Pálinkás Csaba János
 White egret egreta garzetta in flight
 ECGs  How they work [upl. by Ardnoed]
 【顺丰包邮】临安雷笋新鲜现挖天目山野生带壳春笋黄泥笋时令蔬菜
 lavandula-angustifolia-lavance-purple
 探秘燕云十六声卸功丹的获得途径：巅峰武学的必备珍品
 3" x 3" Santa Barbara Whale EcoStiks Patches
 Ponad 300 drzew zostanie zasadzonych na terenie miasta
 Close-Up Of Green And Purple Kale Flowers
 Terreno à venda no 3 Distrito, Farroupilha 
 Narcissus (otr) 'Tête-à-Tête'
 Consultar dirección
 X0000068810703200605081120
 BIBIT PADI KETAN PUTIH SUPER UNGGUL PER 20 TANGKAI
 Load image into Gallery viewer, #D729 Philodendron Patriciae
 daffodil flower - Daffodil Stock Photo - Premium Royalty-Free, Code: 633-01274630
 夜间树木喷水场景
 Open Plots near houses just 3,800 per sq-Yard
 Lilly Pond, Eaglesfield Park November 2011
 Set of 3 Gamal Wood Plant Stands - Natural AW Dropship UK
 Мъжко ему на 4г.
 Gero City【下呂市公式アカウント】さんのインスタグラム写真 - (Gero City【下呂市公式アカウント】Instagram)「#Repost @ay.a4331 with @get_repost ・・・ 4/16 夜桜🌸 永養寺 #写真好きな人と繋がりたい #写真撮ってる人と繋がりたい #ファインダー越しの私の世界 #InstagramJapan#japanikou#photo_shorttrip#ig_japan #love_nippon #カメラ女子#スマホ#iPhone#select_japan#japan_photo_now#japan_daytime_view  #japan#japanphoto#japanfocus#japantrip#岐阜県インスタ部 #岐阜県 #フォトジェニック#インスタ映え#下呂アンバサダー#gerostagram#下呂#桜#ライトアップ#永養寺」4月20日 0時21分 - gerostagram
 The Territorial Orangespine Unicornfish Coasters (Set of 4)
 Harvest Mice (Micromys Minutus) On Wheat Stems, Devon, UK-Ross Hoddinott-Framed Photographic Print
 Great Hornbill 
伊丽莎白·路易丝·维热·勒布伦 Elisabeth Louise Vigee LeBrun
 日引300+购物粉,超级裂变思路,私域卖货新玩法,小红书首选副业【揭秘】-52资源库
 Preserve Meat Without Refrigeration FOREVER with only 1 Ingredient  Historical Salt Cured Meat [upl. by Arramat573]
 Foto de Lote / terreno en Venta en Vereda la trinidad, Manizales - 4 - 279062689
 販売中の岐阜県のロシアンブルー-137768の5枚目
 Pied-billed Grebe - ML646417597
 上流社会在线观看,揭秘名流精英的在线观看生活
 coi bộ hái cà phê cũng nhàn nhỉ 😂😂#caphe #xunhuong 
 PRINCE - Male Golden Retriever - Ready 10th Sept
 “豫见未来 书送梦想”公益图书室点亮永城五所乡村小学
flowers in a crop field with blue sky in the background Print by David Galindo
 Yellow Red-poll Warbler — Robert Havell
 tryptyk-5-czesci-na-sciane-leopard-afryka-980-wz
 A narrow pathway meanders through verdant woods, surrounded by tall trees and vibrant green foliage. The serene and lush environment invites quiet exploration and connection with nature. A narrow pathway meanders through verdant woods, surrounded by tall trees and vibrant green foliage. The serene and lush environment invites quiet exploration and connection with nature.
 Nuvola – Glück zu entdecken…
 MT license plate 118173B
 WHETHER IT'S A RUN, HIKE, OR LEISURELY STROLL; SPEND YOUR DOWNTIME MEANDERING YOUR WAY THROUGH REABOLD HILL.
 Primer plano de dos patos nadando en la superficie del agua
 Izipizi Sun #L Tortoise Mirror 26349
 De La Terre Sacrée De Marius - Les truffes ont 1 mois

● ● ● ●

▶ [DIRECTIONS]
What is needed is an exact copy of the entries above, from the first line through the line holding "Close-Up Of Green And Purple Kale Flowers", with both of those lines kept; please give nothing else.

▶ [ANSWER SECTION]
Pálinkás Csaba János
 White egret egreta garzetta in flight
 ECGs  How they work [upl. by Ardnoed]
 【顺丰包邮】临安雷笋新鲜现挖天目山野生带壳春笋黄泥笋时令蔬菜
 lavandula-angustifolia-lavance-purple
 探秘燕云十六声卸功丹的获得途径：巅峰武学的必备珍品
 3" x 3" Santa Barbara Whale EcoStiks Patches
 Ponad 300 drzew zostanie zasadzonych na terenie miasta
 Close-Up Of Green And Purple Kale Flowers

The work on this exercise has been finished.